Drop the Veil and See with Clarity

Saturday, February 18, 2012

Alive

Regret as a noun means "sadness associated with some wrong done or some disappointment."  As a verb it means "feeling sad about the loss or absence of."  A few years ago I came across this adage "I would rather regret the things that I have done than the things that I have not." 

It penetrated my thoughts and feelings in a way that I did my own bloodwork to evaluate whether I was flowing or drifting away from the essence of life.  All I knew was that I did not want to live my life to realize during an "aha" moment that I was living like an ignorant farmer who did not make use of any opportunity to harness the crops to let them bloom.  

Life is to be lived in the present tense because it is from this very basis that life starts. Just like any word or sentence, it has neither meaning nor value until an experience occurs. It is easy to take life for granted because it is given to us without any effort on our part.  

I realize that the only experience that cannot be taken away from me is to live now in its entirety.  I acknowledge that I have always been where my mind wanted me to be.  I was constantly making use of  present stuations to extrapolate into scenerios that might or might not take place in the future. It worsened my state of being because I lost myself there and never returned to where I was!  The truth then crystalized.  I prefered to live in the future constructed by my mind than to live in the reality which entails challenging the real occurrences. 

I feel I am living now.  I am enjoying the living process instead of simply executing  tasks and responsibilities unmindfully.  I am savoring every moment to learn to know myself.  I sift the gravestones to recreate my path.  I learn to drop the small stuff and let it be swept away like fallen leaves.  
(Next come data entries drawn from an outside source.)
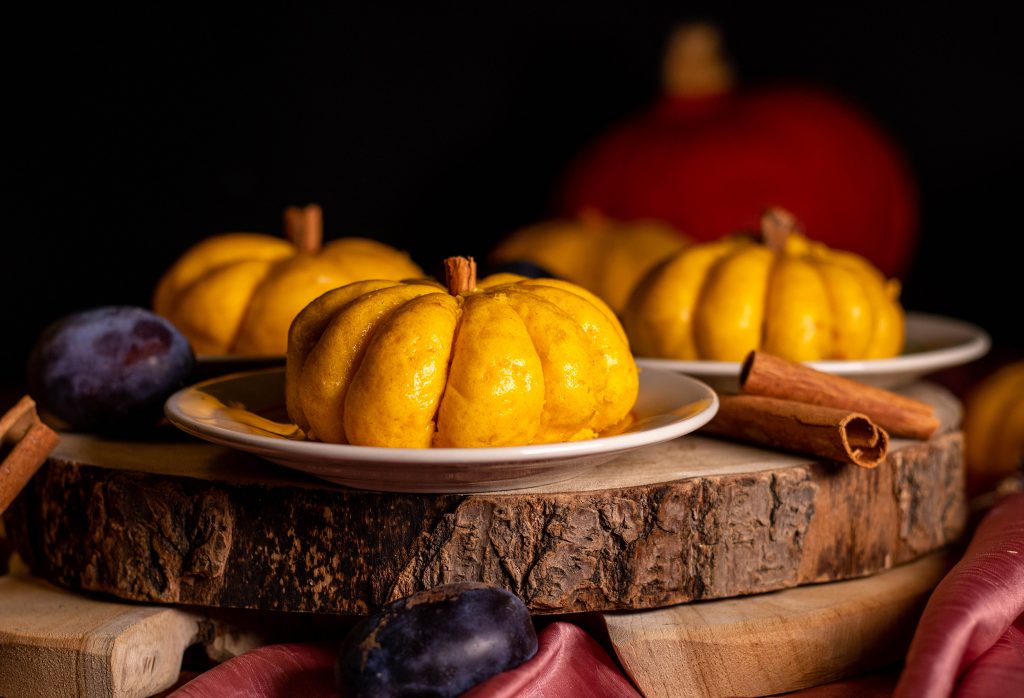 Kürbisbrötchen - süße Hefeteilchen mit Zwetschenfüllung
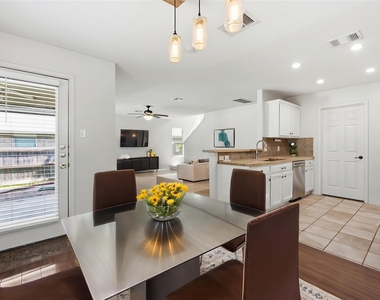 1506 Fort Lloyd Pl - Photo Thumbnail 6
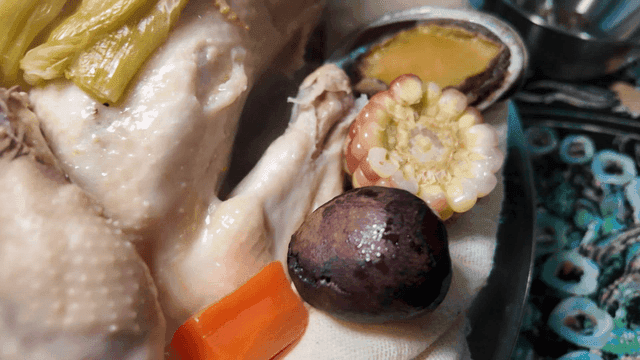 Steaming native chicken with vegetables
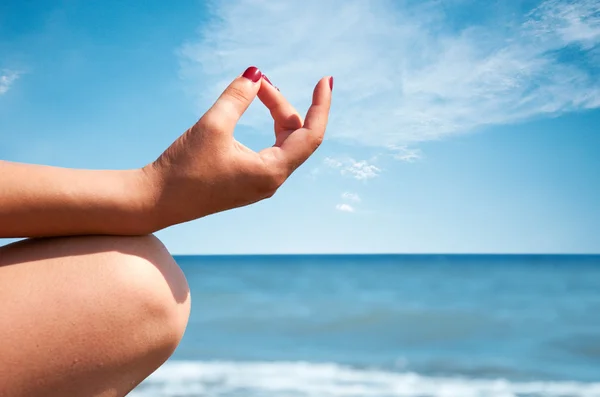 Femme frissonnant sur la plage — Photo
I am constantly reminding myself to live mindfully and to be an experiement in life's greatest mystery.


Sunday, February 5, 2012

Let Go

We have often mistaken letting go as synonymous to giving up.  However, when we explore deeper into the phenomenon, it takes inner courage, strength, and a great amount of emancipation to let go.  It is a pursuit of the consciousness to choose, to face and to accept the wholeness as it is.  

The doctrine of more as a barometer of achievement and possessions has been inculcated into our value system at a very young age.  Life has thus become an ongoing concern and a constant race of accumulation without a finishing line.  We jump across each hurdle to pick up our possessions without realizing that we have encumbered ourselves with a heavy backpack that has become so attached to pull it off the shoulder.

My strength is my ability to let go of possessions.  I have kept my possessions to the minimum, or at least I avoid the add-on and coupon syndrome.  I keep fresh perishables in the fridge that are consumed and replaced quickly.  My personal detachment from people including those close is a blessing bestowed on me.  I walk my path freely and create my own foot print effortlessly.  I am my own follower. 

My weakness is my painful learning process to let go of situations that arise at work. I do become so obsessive and let the issues totally consume me that I become entrapped in the mine field.  People can be  irritating and they usually are.  Things will go wrong and they inevitably will.  Situations are unfair and that can happen.   Biasedness exists and it always has.  Idiots are dumb and they have to be.  I learn to let them be!

There is no greater autonomy than to go with the flow by detaching myself so as not to be buried in a self-inflicted avalanche and losing myself in the debris.  I realize that nothing is really worth the pursuit other than to remain true to myself.  I keep trying!